Tags are a useful means of associating keyword metadata with a data structure such as an image, a video, audio or a piece of text. There are many ways of storing tags in a database – for example one could store a string of tags separated by a space, comma or semi-colon. Alternatively, one could store tags in a database table and then create another table to hold the list of tags for a given entity. My preferred method of storing tags, in an Oracle database at least, is to use the concept of nested tables.
Nested tables are a type of PL/SQL collection which may be compared to arrays or objects in other programming languages. One of the advantages of using nested tables over other PL/SQL collection types is that they don’t have a fixed size, and they can be stored in a database table (not just in a program unit, like regular PL/SQL tables or associative arrays). The best way to show how nested tables work is to use an example, so let’s dive right in and set up our database for the tags example.
The first thing we want to do is create the nested table type in our database. I’m going to keep it nice and simple and name my type “tags”:
CREATE TYPE tags IS TABLE OF VARCHAR2(50);
If you are familiar with PL/SQL tables, the above should look very similar to the syntax for creating a PL/SQL table, but without the typical “index by binary_integer” bit stuck at the end. With our type created, we can now go ahead and use this in a database table. I’m going to create a table named “post”, which one might use to store blog posts. This table will have three columns – post_id, post_title and post_tags.
CREATE TABLE post ( post_id NUMBER(11), post_title VARCHAR2(50), post_tags tags ) NESTED TABLE post_tags STORE AS tags_table;
Great – you now have a database table with a column of type “tags” which is itself a table. The next thing we want to do is insert some records into our new table.
INSERT INTO post(post_id, post_title, post_tags) VALUES(1, 'First Post', tags('oracle', 'tags', 'example')); INSERT INTO post(post_id, post_title, post_tags) VALUES(2, 'Second Post', tags('oracle', 'tags')); INSERT INTO post(post_id, post_title, post_tags) VALUES(3, 'Third Post', tags('oracle')); COMMIT;
As you can see from the above INSERT statements, inserting tags into our nested table is very straightforward, we simply tell Oracle that we are using the type “tags” and pass the VARCHAR2 values we want to store to it. If you try to insert a tag with over 50 characters you will get an error as we defined the tags table as a table of VARCHAR2(50) fields. So what does our new table look like when we go to retrieve data from it? Let’s take a look.
SELECT * FROM post;
You should see output like the following
POST_ID POST_TITLE POST_TAGS
------------ ----------------------------------------------------------- ---------
1 First Post <Object>
2 Second Post <Object>
3 Third Post <Object>
Hardly ideal is it?

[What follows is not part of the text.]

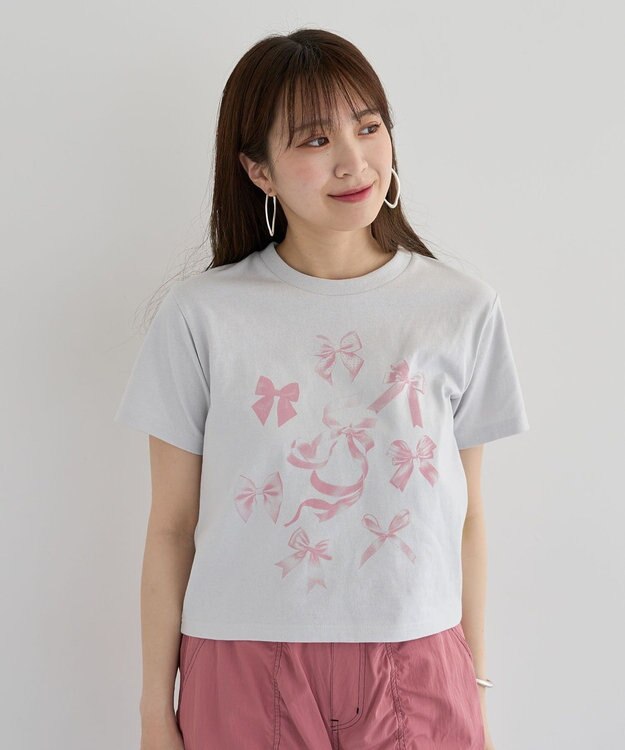 Green Parks ・ＤＯＵＢＬＥ　ＦＬＡＧＳ　リボンｐｔ　ＴＥＥ Charcoal Gray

Fortunately, we can use the TABLE function to easily get back a list of tags for a given post quite easily. Try the following SQL statement:
SELECT column_value FROM TABLE( SELECT post_tags FROM post WHERE post_id = 1 );
This outputs the following:
COLUMN_VALUE -------------------------------------------------- oracle tags example
Try the statement again, but this time pass in the post_id value for another row. This is useful, as it gives us a means of getting the tag data out of the database, but what if we want to get back all the tags when retrieving the other columns in the table? This requires a bit more work, but it’s not exactly complex:
SELECT p.post_id, p.post_title, t.column_value FROM post p, TABLE( SELECT post_tags FROM post WHERE post_id = p.post_id ) t;
The above statement should produce the following:
POST_ID POST_TITLE COLUMN_VALUE
------------ ------------------------------------------------------- ---------------
1 First Post oracle
1 First Post tags
1 First Post example
2 Second Post oracle
2 Second Post tags
3 Third Post oracle
A step in the right direction, but the post_id and post_title are duplicated for each tag for that record. Surely there’s a way of outputting all the tags on a single row, joining them together with a delimiting character such as a comma? There are a number of ways of doing this, from using a stored function to using 11g’s WITHIN GROUP feature. The method with the least code that works on 9i and above is to use the XMLAGG function to produce the concatenated result. The SQL to achieve the desired result in this manner is as follows:
SELECT p.post_id, p.post_title, RTRIM(XMLAGG(XMLELEMENT(e, t.column_value || ',')).EXTRACT('//text()'), ',') tags FROM post p, TABLE( SELECT post_tags FROM post WHERE post_id = p.post_id ) t GROUP BY p.post_id, p.post_title;
This produces the following result:
POST_ID POST_TITLE TAGS
------------ ---------------------------------------- -----------------------
1 First Post oracle,tags,example
2 Second Post oracle,tags
3 Third Post oracle
So far we haven’t seen any particular reason why one would necessarily use a nested table to store tags over any other method. For me, the primary advantage is that it makes it very simple to perform group functions on the tags – making it ridiculously easy to generate tag clouds based on how many times a tag is used. In the above example, we can easily see that the tag “oracle” is used 3 times, “tags” is used twice and “example” only once. But in a scenario where you have many posts and many, many tags, it is impossible to do this counting in your head. Let’s take a look at just how easy it is to do this counting with our nested table.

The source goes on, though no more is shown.